MURPHYS-HSFS-2014 - 7th International Workshop on Multi-Rate Processes & Hysteresis, 2nd International Workshop on Hysteresis and Slow-Fast Systems, April 7-11, 2014 - Abstract
Hinz, Christoph
Arid vegetation displays various degrees of organization. On flat topography regular bands of vegetation alter with bare soil. Other patterns include patches of different size, labyrinths or dendritic patterns following drainage lines. These patterns result from a simple soil vegetation feedback in which the soil's infiltration capacity is higher under vegetation as compared to the bare soil. Water redistribution by surface water runoff from bare soil to soil patches with vegetation causes the feedback to generate self-organized pattern.
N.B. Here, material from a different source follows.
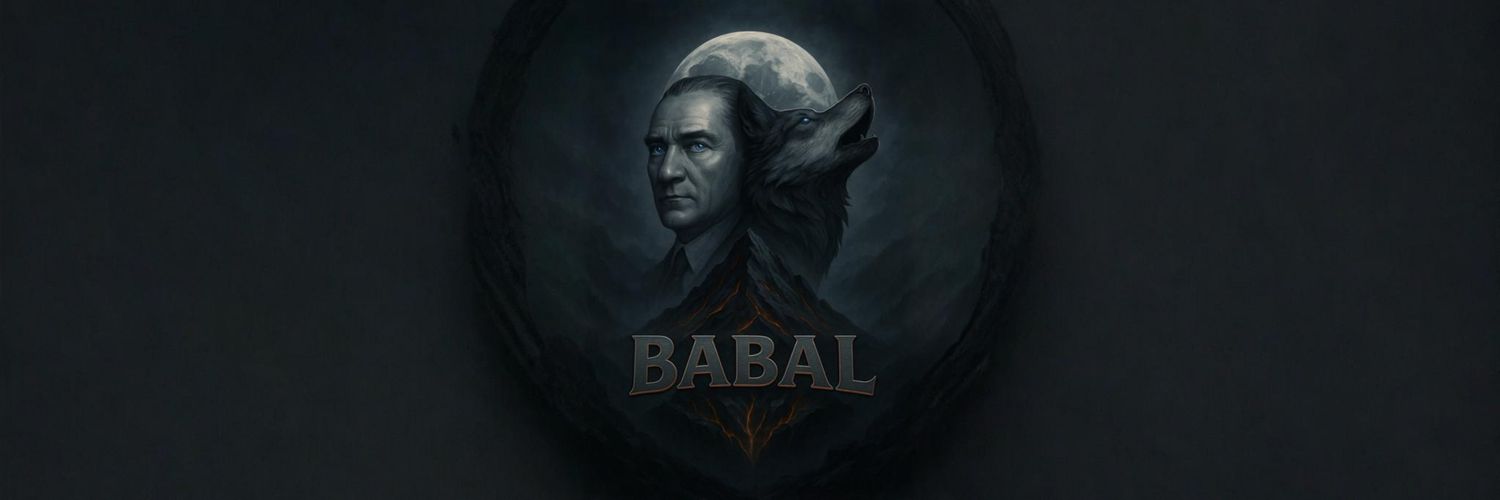 dursunalibabal's profile banner image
While water redistribution operates on short time scales of minutes to days, the growth of the vegetation and possibly migration occurs at time scales of years to decades. Current modeling approaches have focused on pattern formation at the vegetation time scale and have not explicitly accounted for the event based nature of surface water redistribution. Moreover, microtopography influencing surface water redistribution has also not be considered in the necessary high spatial resolution as it occurs in nature. We present a cellular automata model, that explicitly describes the diversity of arid vegetation pattern by modeling surface runoff in much greater spatial detail, generating a new set of emergent vegetation pattern. Aspect of the role of temporal scale difference in the modeling is currently under investigation.